● **Data excerpts**
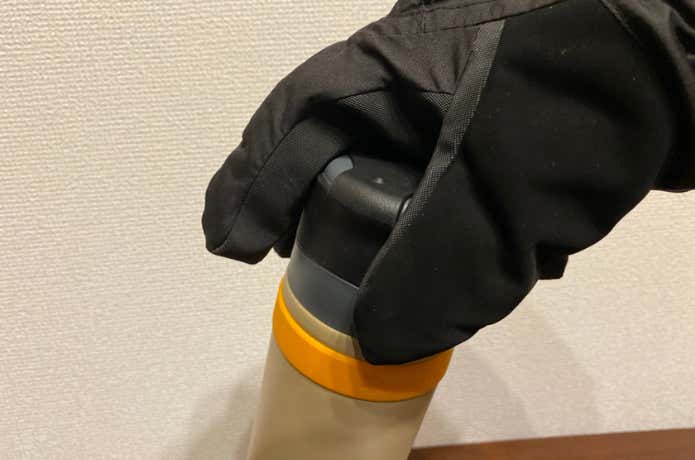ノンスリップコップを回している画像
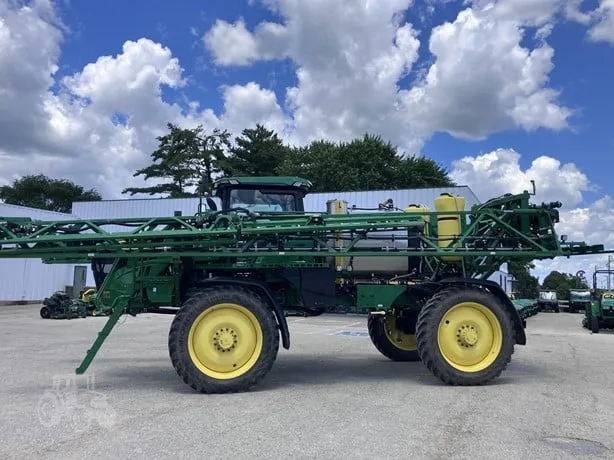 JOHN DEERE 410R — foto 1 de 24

...

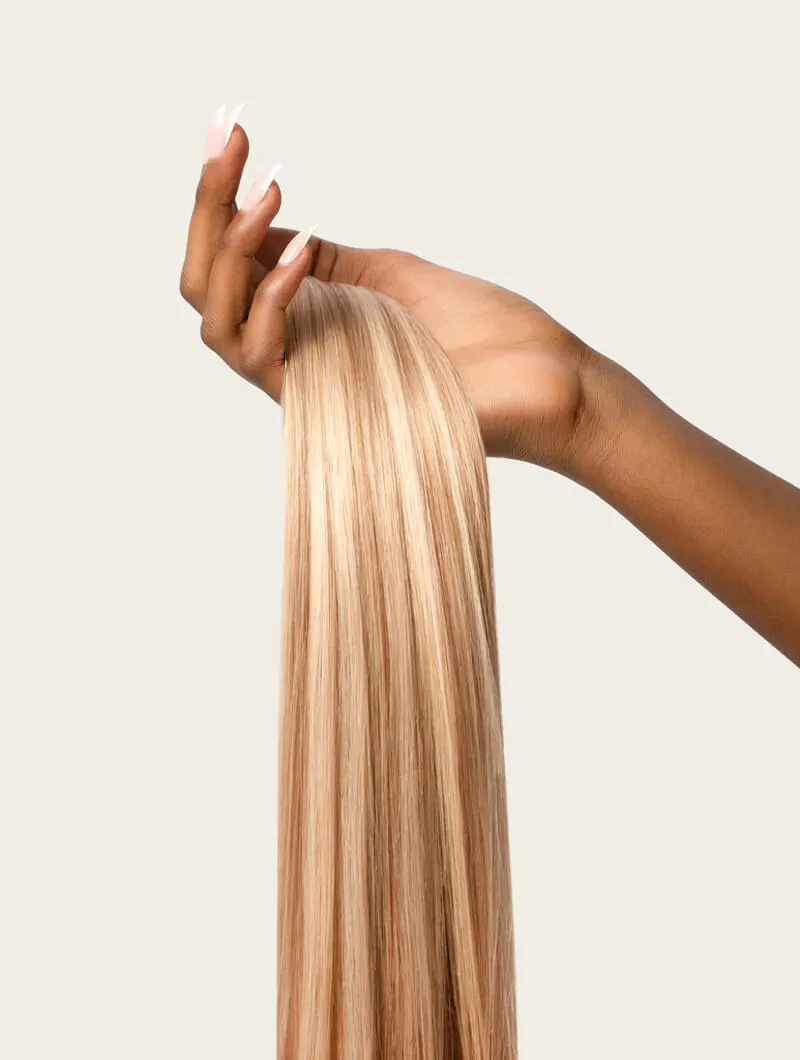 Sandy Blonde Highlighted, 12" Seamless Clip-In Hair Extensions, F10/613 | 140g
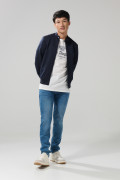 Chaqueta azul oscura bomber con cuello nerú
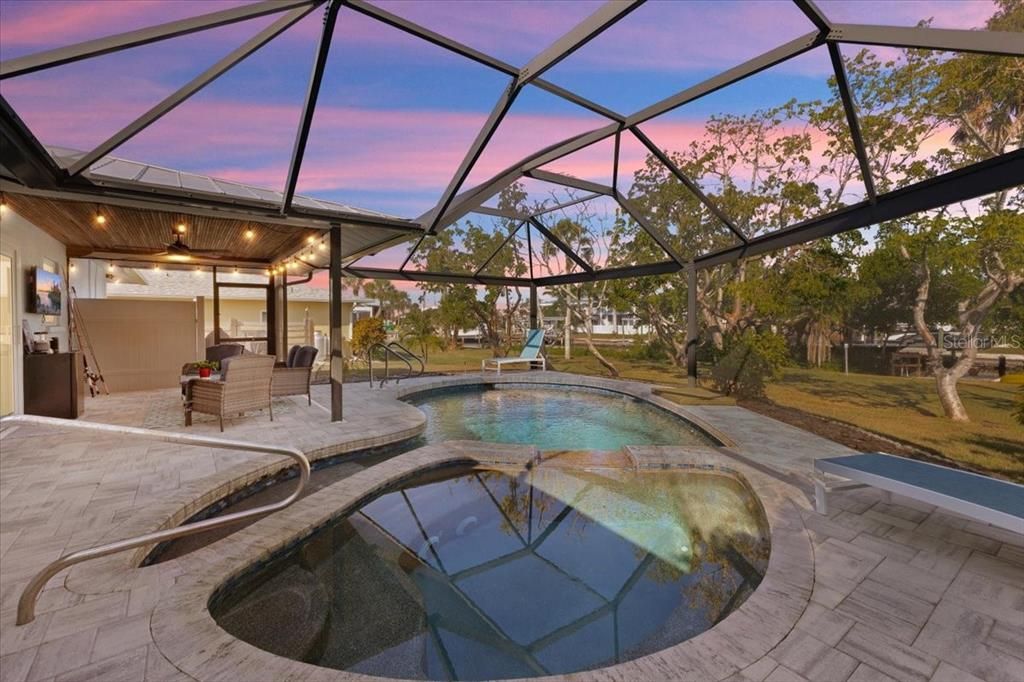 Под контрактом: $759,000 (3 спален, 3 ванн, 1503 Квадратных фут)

● **Directions**
Starting at the line containing "Chaqueta azul oscura bomber con cuello nerú" and finishing at the line containing "Под контрактом: $759,000", return those lines exactly as they appear above, without the pictures.

● **Task output**
 Chaqueta azul oscura bomber con cuello nerú
 Под контрактом: $759,000 (3 спален, 3 ванн, 1503 Квадратных фут)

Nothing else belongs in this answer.